The Whiskey Rebellion—which, remember, was all about rye whiskey—was a devastating failure. Instead of a loose confederation of semi-anarchic local governments doing pretty much whatever they chose, George Washington wanted a strong federalist government. And the great hero of the American Revolution had the prestige and, more importantly, the army to enforce that preference upon the citizen-moonshiners of Western Pennsylvania.

 

Fewer than five rebels died in the rebellion and no soldiers. Two men were sentenced to death for treason but pardoned by President Washington before they could be hanged. But that does not mean the Whiskey Rebellion was not significant. It established the principle of a strong central government, sent thousands of rebels westward over the mountains into what is now Kentucky (we’ll be hearing more about them later) and established a system of taxation that made distilling rye more profitable for large companies than for farmers with a part-time still.

 

Big Rye prospered. Wagonloads of rye whiskey—or, more properly, white dog—jolted their way from the birthplace of the rebellion (Washington, PA, ironically enough) to Boston and hence up and down the coast.

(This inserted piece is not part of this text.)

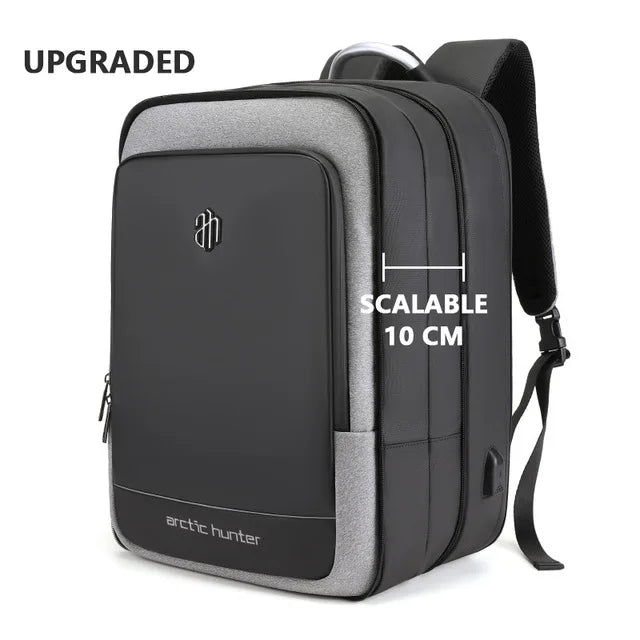 Arctic Hunter Waterproof Travel Laptop Backpack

It was also put onto boats on the Monongahela River, which joins the Allegheny to flow into the Ohio, which eventually empties into the Mississippi. In this leisurely fashion, it made its way to New Orleans. It was still nothing that you’d want to put in your mouth. But then…

 

God provided a miracle.

 

The easiest way to transport rye whiskey was in barrels and the cheapest way to obtain barrels was to buy them used. In a previous life, the barrels might have carried pickles or molasses or sixpenny nails, nobody much cared. But then, one of the commercial distilleries got a good deal on old wine barrels. (They may also have been charred to clean them out). The barrels were filled with white dog. They probably waited for months in the distillery’s unheated warehouse for winter to end and the roads to New York and Boston become passable again. They certainly spent a long time on those slow boats to New Orleans.

 

By the time the boats got to their destination, the rye was brown.

 

Somebody opened a cask and poured a glass. Eyed it dubiously. Took a cautious sniff. Then an even more cautious sip.

 

Word came back from New Orleans, Boston, and New York: Send us more of the brown whiskey!

 

The wine-saturated oak barrels had worked an alchemical magic on the white dog. It was no longer merely raw spirits distilled from rye. It had aged. It was now, by God, whiskey. And it was something that a self-respecting sot would happily drink.

 

Thus was born the prestige of Monongahela Rye.

 

The best way to celebrate this gift from above is with a Sazerac, one of the most elegant drinks ever devised.

 

            Sazerac

            1 sugar cube

            3 dashes Peychaud’s Bitters

            a few drops of water

            2 ounces rye whiskey

            1 slosh absinthe or anise liqueur

            lemon twist

 

            directions: soak sugar cube with bitters and a little water, then muddle; add          whiskey; toss a slosh of absinthe into a chilled empty drinking glass, swirl, and       discard; pour the sweetened rye into the glass; squeeze twist over the drink to express      the oils and then use it as a garnish

 

The Sazerac was invented in New Orleans and is famed for being the first cocktail. However, all accounts agree that it was created by substituting rye for the cognac in an earlier cocktail. Which just goes to show how slippery things get when dealing with the folklore of alcohol.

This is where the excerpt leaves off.